Quanta razão tivessem a este respeito, só pouco a pouco o fomos compreendendo
no ocidente. Por fim cresceu a intuição de que era justo falar também doutras
duas grandes religiões – o hinduísmo e o budismo – bem como do tema da religião
em geral. A isto se juntou depois espontaneamente uma breve instrução relativa
ao diálogo e à colaboração com as religiões, cujos valores espirituais, morais
e socioculturais deviam ser reconhecidos, conservados e promovidos (cf. n. 2).

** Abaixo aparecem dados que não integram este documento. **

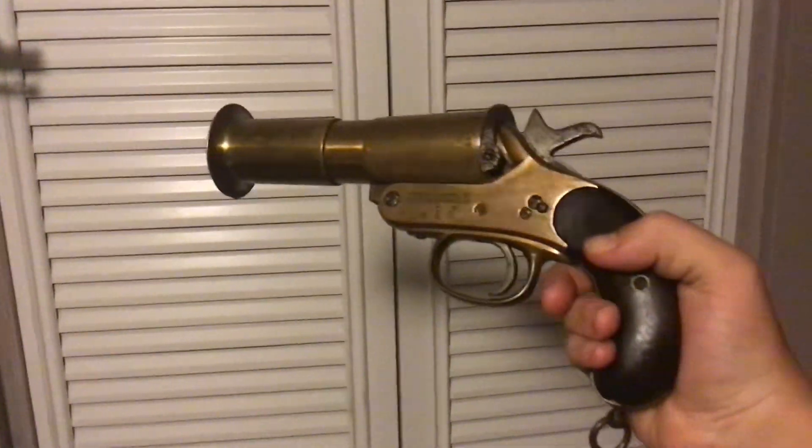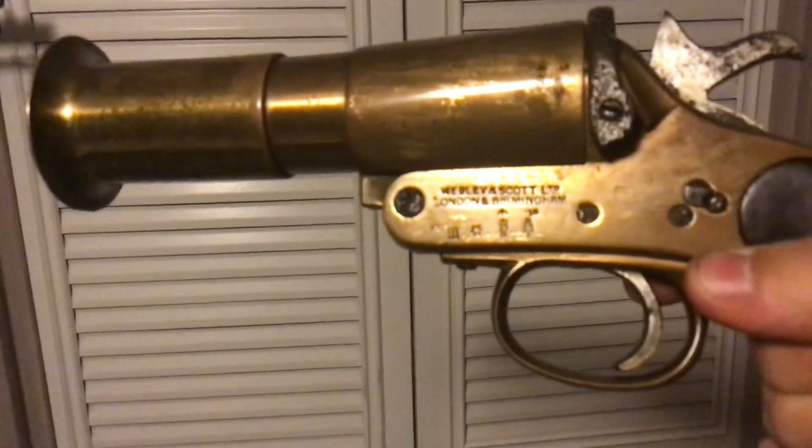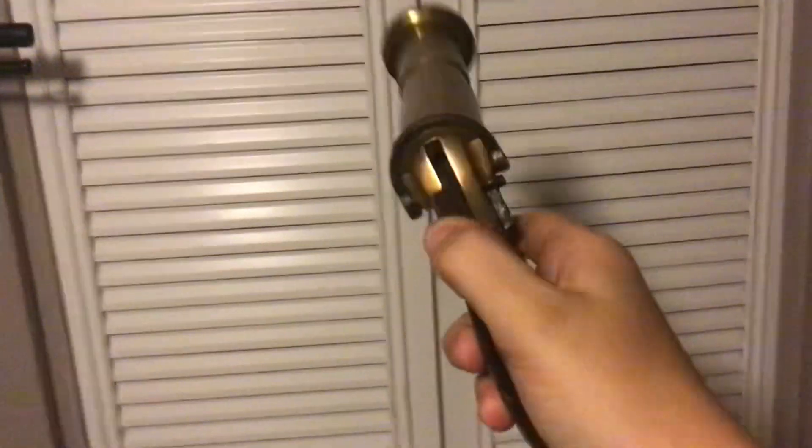Here I have an original World War One Webley and Scott flare gun — this one's dated 1916. If you've ever seen the movie 1917, this is the flare gun that they use after they crossed the German lines.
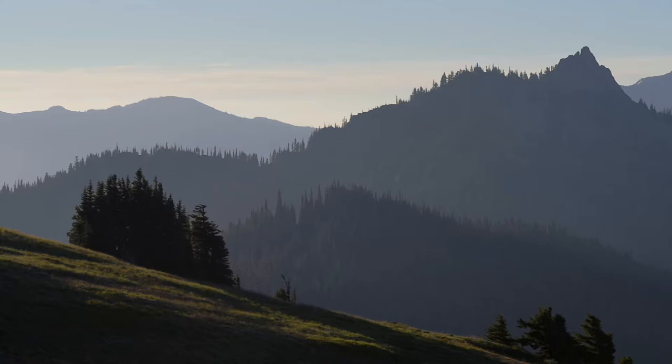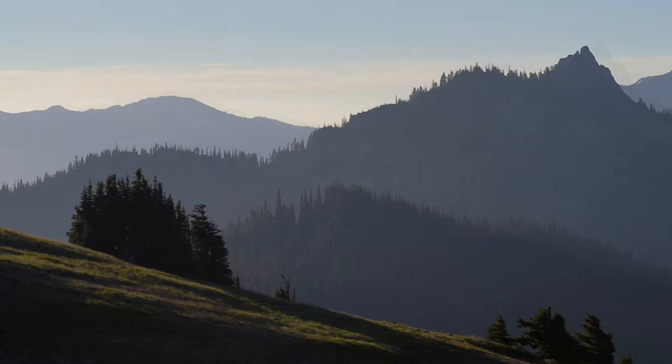I quite like this shot with the balance between the little clump of pine trees in the bottom left and that peak of the mountain in the top right, and the telephoto compressing the different ranges of mountains into what is really just a block of shapes.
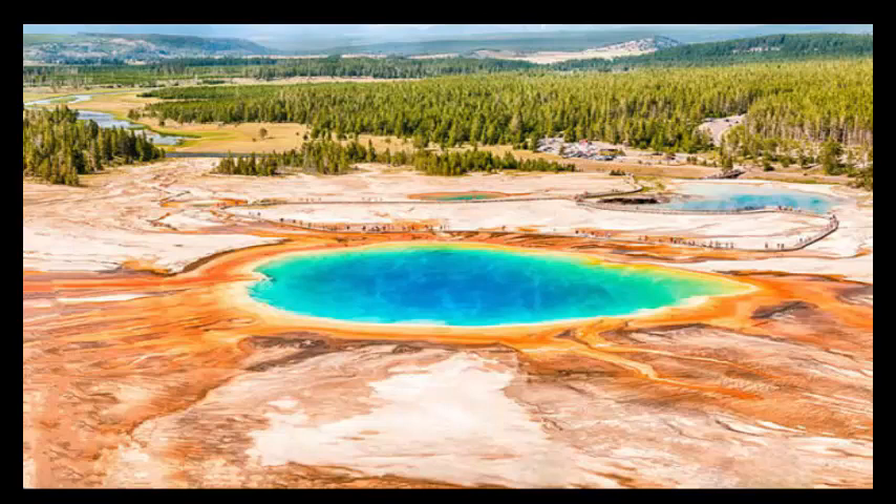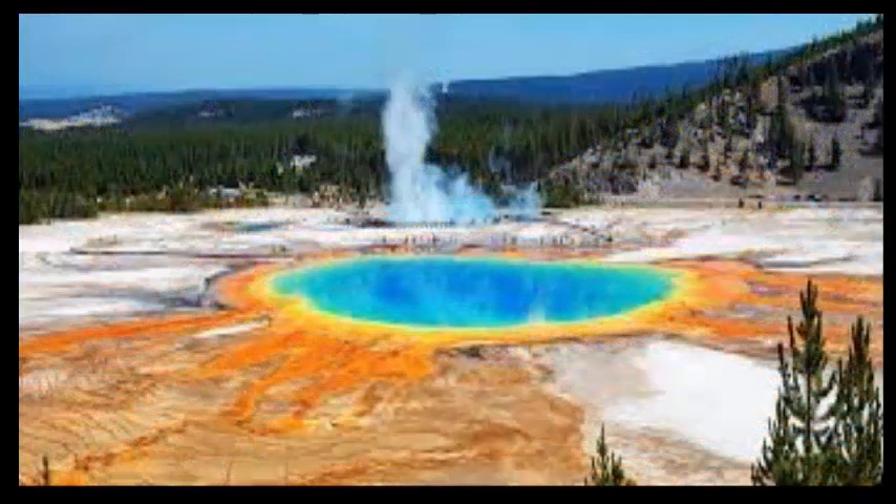Dr. Lyom's new research has challenged this version of events, and Professor Angel thinks there is potential in it. The expert said: with more research, with more people taking a look at this process, with more data being collected via this three-dimensional technology, I believe that it could be a competing hypothesis for Yellowstone.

Assim, num documento específico e extraordinariamente denso, inaugurou-se um
tema cuja importância na época ainda não era previsível. Vão-se tornando cada
vez mais evidentes tanto a tarefa que o mesmo implica como a fadiga ainda
necessária para tudo distinguir, esclarecer e compreender. No processo de
recepção ativa, foi pouco a pouco surgindo também uma debilidade deste texto em
si extraordinário: só fala da religião na sua feição positiva e ignora as
formas doentias e falsificadas de religião, que têm, do ponto de vista
histórico e teológico um vasto alcance; por isso, desde o início, a fé cristã
foi muito crítica em relação à religião, tanto no próprio seio como no mundo
exterior.
Se, ao início do Concílio, tinham
prevalecido os episcopados do centro da Europa com os seus teólogos, nas
sucessivas fases conciliares o leque do trabalho e da responsabilidade comuns
foi-se alargando cada vez mais. Os bispos reconheciam-se aprendizes na escola
do Espírito Santo e na escola da colaboração recíproca, mas foi precisamente
assim que se reconheceram servos da Palavra de Deus que vivem e trabalham na
fé. Os Padres conciliares não podiam nem queriam criar uma Igreja nova,
diversa. Não tinham o mandato nem o encargo para o fazer: eram Padres do
Concílio com uma voz e um direito de decisão só enquanto bispos, quer dizer em
virtude do sacramento e na Igreja sacramental. Então não podiam nem queriam
criar uma fé diversa ou uma Igreja nova, mas compreendê-las a ambas de modo
mais profundo e, consequentemente, «renová-las» de verdade. Por isso, uma
hermenêutica da ruptura é absurda, contrária ao espírito e à vontade dos Padres
conciliares.
No cardeal Frings, tive um «pai»
que viveu de modo exemplar este espírito do Concílio. Era um homem de
significativa abertura e grandeza, mas sabia também que só a fé guia para se
fazer ao largo, para aquele horizonte amplo que resta impedido ao espírito positivista.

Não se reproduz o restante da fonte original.